** WHAT TO WORK ON **
What's needed: every entry, printed exactly, minus the images.

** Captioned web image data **
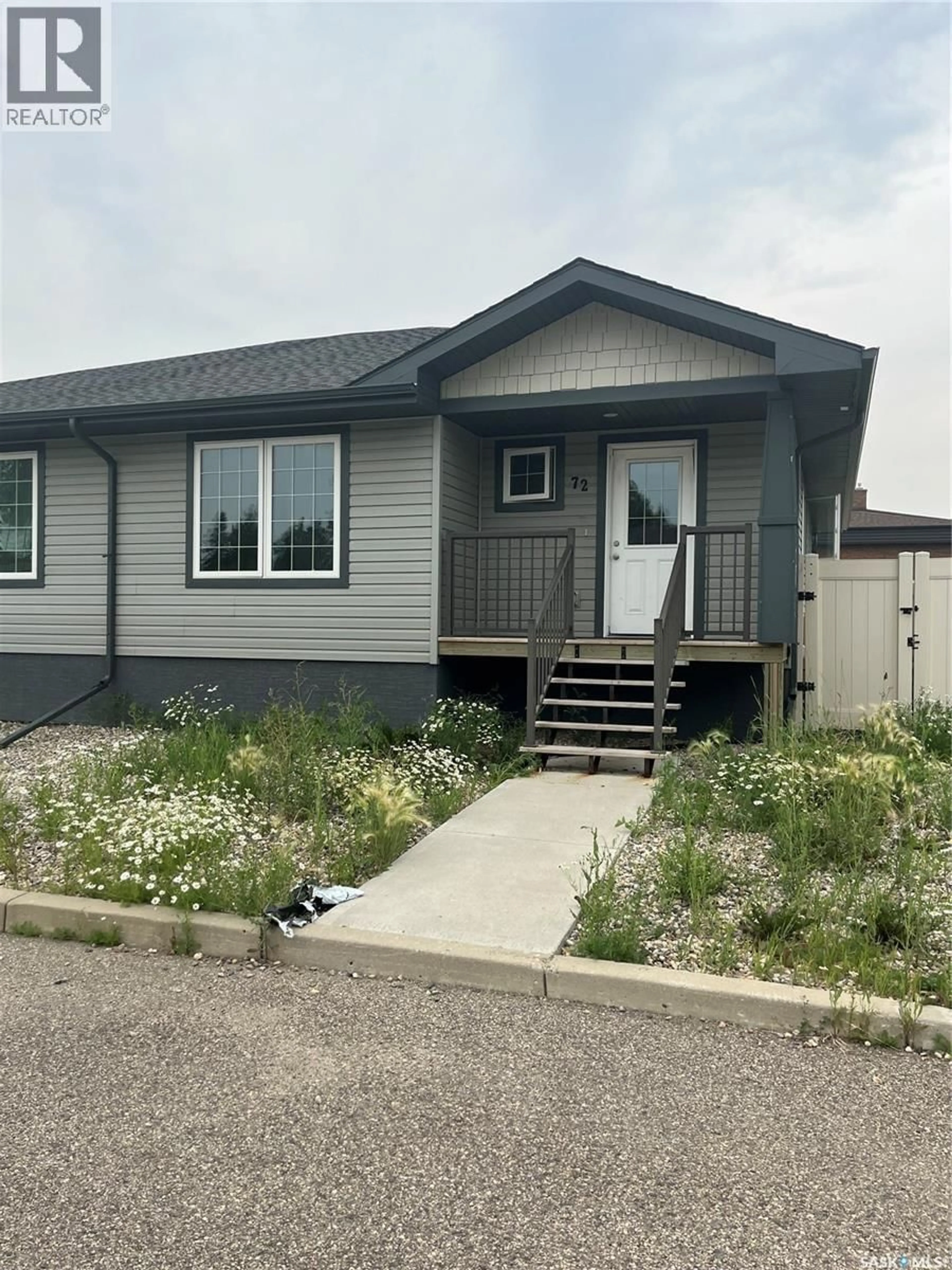 Home with vinyl exterior material, street for 72 - 29 CAMERON WAY, Yorkton Saskatchewan S3N2X3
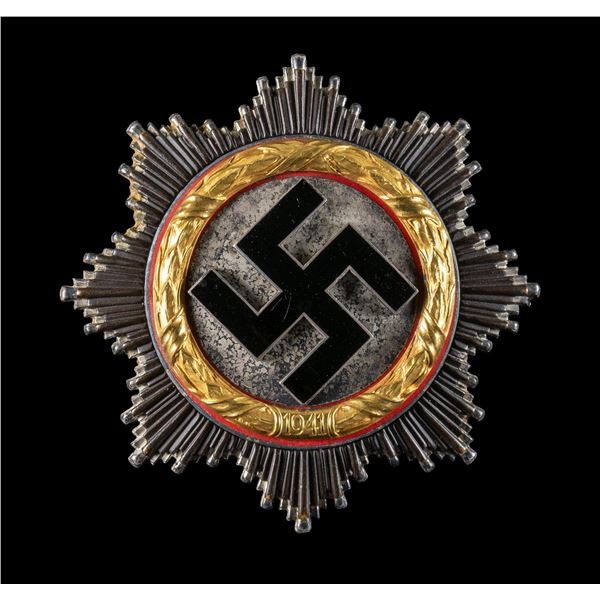 WWII GERMAN CROSS IN GOLD WITH ORIGINAL CASE.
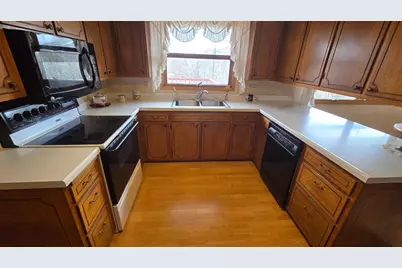 102 Thill Drive E, Rose Creek, MN 55970 - Photo 7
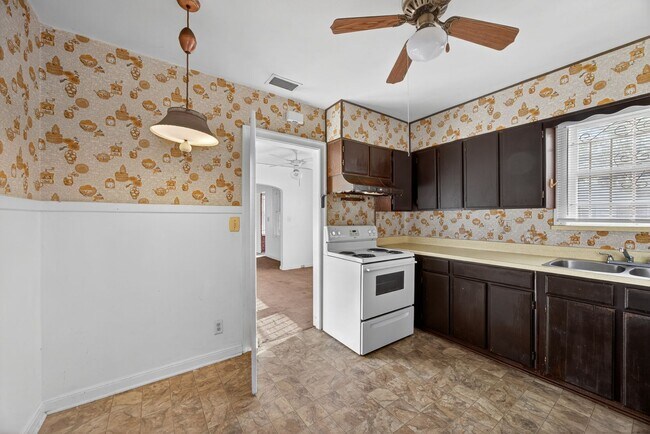 Building Photo - Spacious 3-Bedroom Corner Home with Garage & Private Courtyard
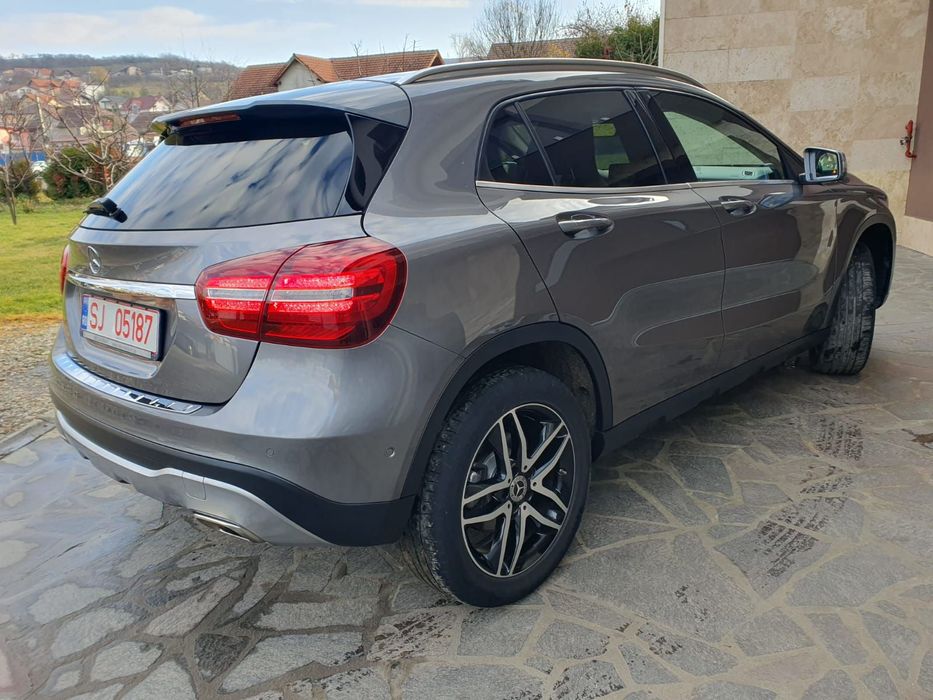 Mercedes-Benz GLA Mercedes-Benz GLA 200 d 4MATIC Xenon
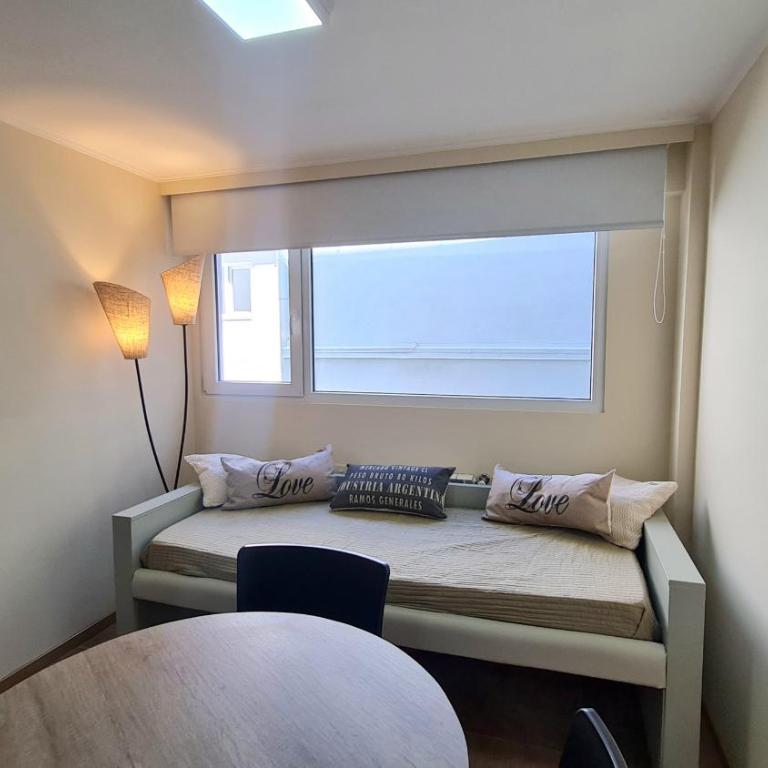 BLANCA ROSA sobre la calle principal - One-Bedroom Apartment - 10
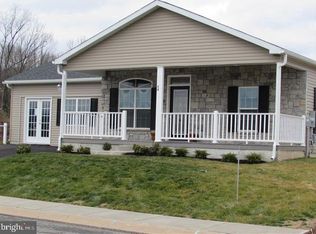 172 Random Rd, Douglassville, PA 19518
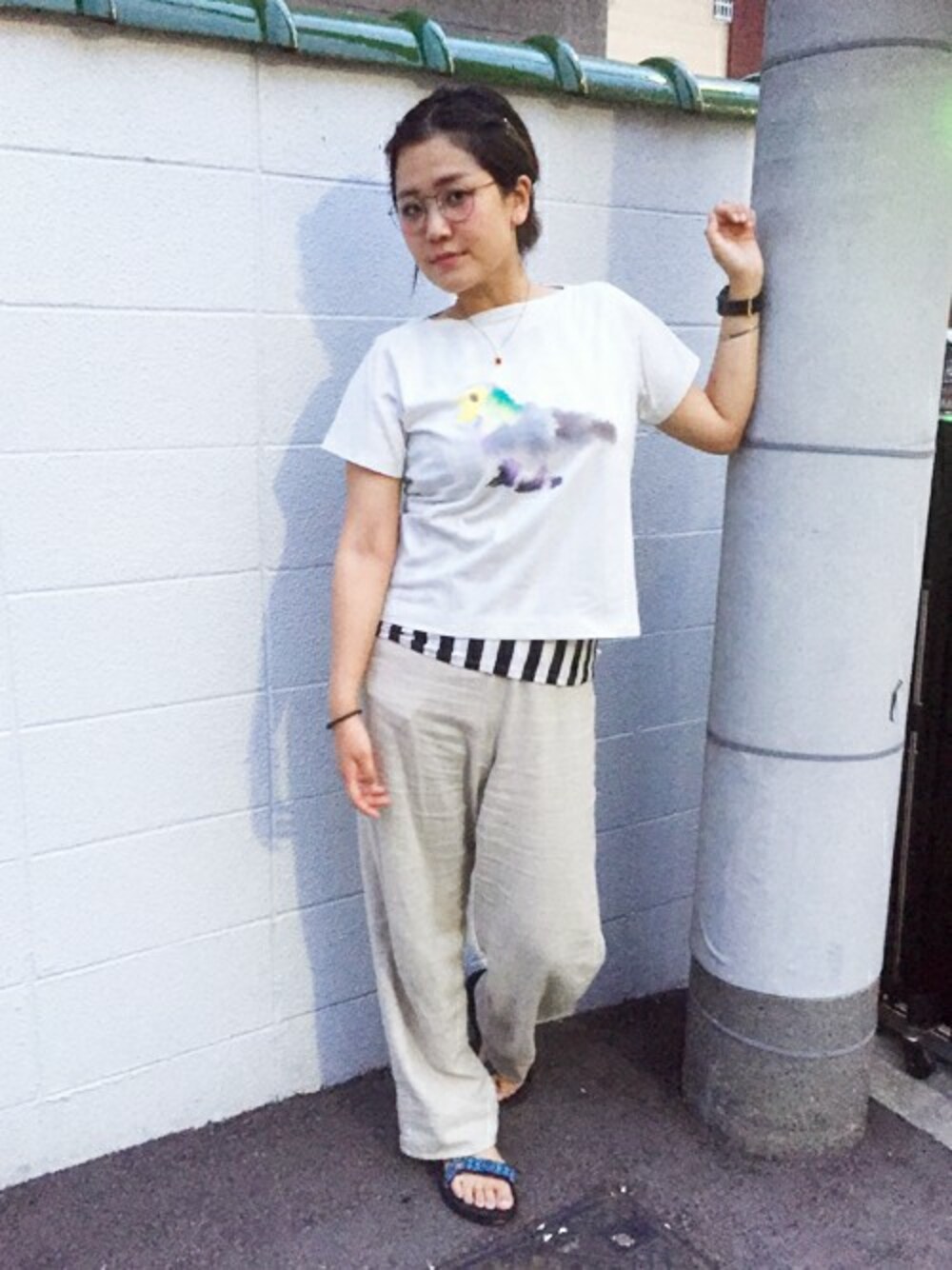 「カジュアル、シンプル、ホワイト、夏、Tシャツ、めがね、ワイドパンツ、サンダル、ラフ、白Tシャツ」｜「Design Tshirts Store graniphのロプヴァンミエルボートネックTシャツ/ハト（Tシャツ/カットソー、グレー系）」を使った、TAKIZAWAさん（レディース・167cm）の夏コーディネートの1枚目の写真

** ANSWER TO THE EXERCISE **
 Home with vinyl exterior material, street for 72 - 29 CAMERON WAY, Yorkton Saskatchewan S3N2X3
 WWII GERMAN CROSS IN GOLD WITH ORIGINAL CASE.
 102 Thill Drive E, Rose Creek, MN 55970 - Photo 7
 Building Photo - Spacious 3-Bedroom Corner Home with Garage & Private Courtyard
 Mercedes-Benz GLA Mercedes-Benz GLA 200 d 4MATIC Xenon
 BLANCA ROSA sobre la calle principal - One-Bedroom Apartment - 10
 172 Random Rd, Douglassville, PA 19518
 「カジュアル、シンプル、ホワイト、夏、Tシャツ、めがね、ワイドパンツ、サンダル、ラフ、白Tシャツ」｜「Design Tshirts Store graniphのロプヴァンミエルボートネックTシャツ/ハト（Tシャツ/カットソー、グレー系）」を使った、TAKIZAWAさん（レディース・167cm）の夏コーディネートの1枚目の写真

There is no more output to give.